It was only a handful of frankenracks. It was challenging and not very performant, but it let everyone get a jump on the research. Disk speed was increasing so fast in six months the first SKU was out of date. I’m glad I didn’t have to make the argument directly to assets when we retired those racks years earlier than planned. The rack positions were so much more valuable with the new denser and faster models.

At the very start of my career, I got to work for a large-scale (technically/logistically, not in staff) internet company doing all the systems stuff. The number of lessons I learned in such a short time was crazy. Since leaving them, I learned that most people can go almost their whole careers without running into all those issues, and so don't learn those lessons.

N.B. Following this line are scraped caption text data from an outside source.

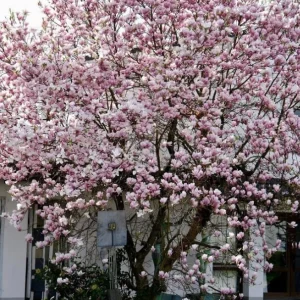 Saucer Magnolia Shrub Tree Live Plant, 6-12 inches Tall, Fragrant Pink & White Blooms, Outdoor Deciduous - Image 4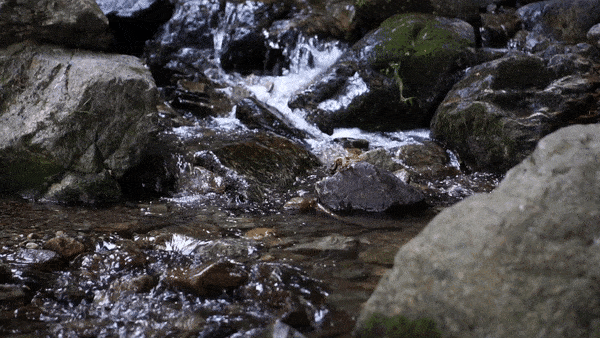 water in a stream 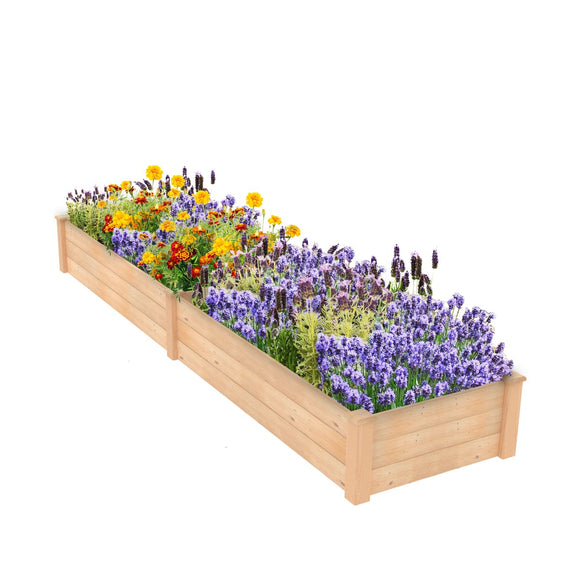 Ecogardener Raised Bed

That's one of the reasons why I think we should have a professional license. By requiring an apprenticeship under a master engineer, somebody can pick up incredibly valuable knowledge and skills (that you only learn by experience) in a very short time frame, and then be released out into the world to be much more effective throughout their career. And as someone who also interviews candidates, some proof of their experience and a reference from their mentor would be invaluable.

Imagine you got your license and then tasked to make a crud service with some simple UI because that is what is needed for the client and they cannot use unlicensed developers.

That wouldn't happen. Professional licenses vary by trade, state, cost of project, size of project, impact of work, etc, etc. If it's trivial, you don't need anything. If it is critical, you need a bunch. If it's in between, it depends. The world isn't black and white.

Imagine some military institution or government body needs a piece of custom but trivial software. I doubt they will be able to hire contractor with unlicensed developers to do the job.

Sure they will - the body shop guys still do the build, the staff developer still does the design and the project manager herds the cats, but they'll add a licensed software engineer to review the design and the load bearing parts of the build.

You'd also see service providers start selling pre-PE stamped services - which is hardly different from the whole "go buy your SaaS from X who is (compliance regime) authorized" today. Just like today when you build a house, your general contractor goes and buys a pre-engineered truss and hires a bunch of laborers to put it up per spec.

This gives me fond memories of building storage-as-a-service infrastructure back before we had useful opensource stuff, moving away from sun san, fibrechannel and solaris we landed on glusterfs on supermicro storage servers, running linux and nfs. We peaked almost 2Pb before I moved on in 2007.

Secondly it reminds me of the time when it simply made sense to ninja-break and rebuild mdraids with ssds in-place of the spinning drives WHILE the servers were running (sata kind of supported hotswapping the drives). Going from spinning to ssd gave us a 14x increase in IOPS in the most important system of the platform.

Loved this:

> While the much celebrated ideal of a “full stack engineer” is valuable, in deep and complex systems it’s often even more valuable to create cohorts of experts who can collaborate and get really creative across the entire stack and all their individual areas of depth.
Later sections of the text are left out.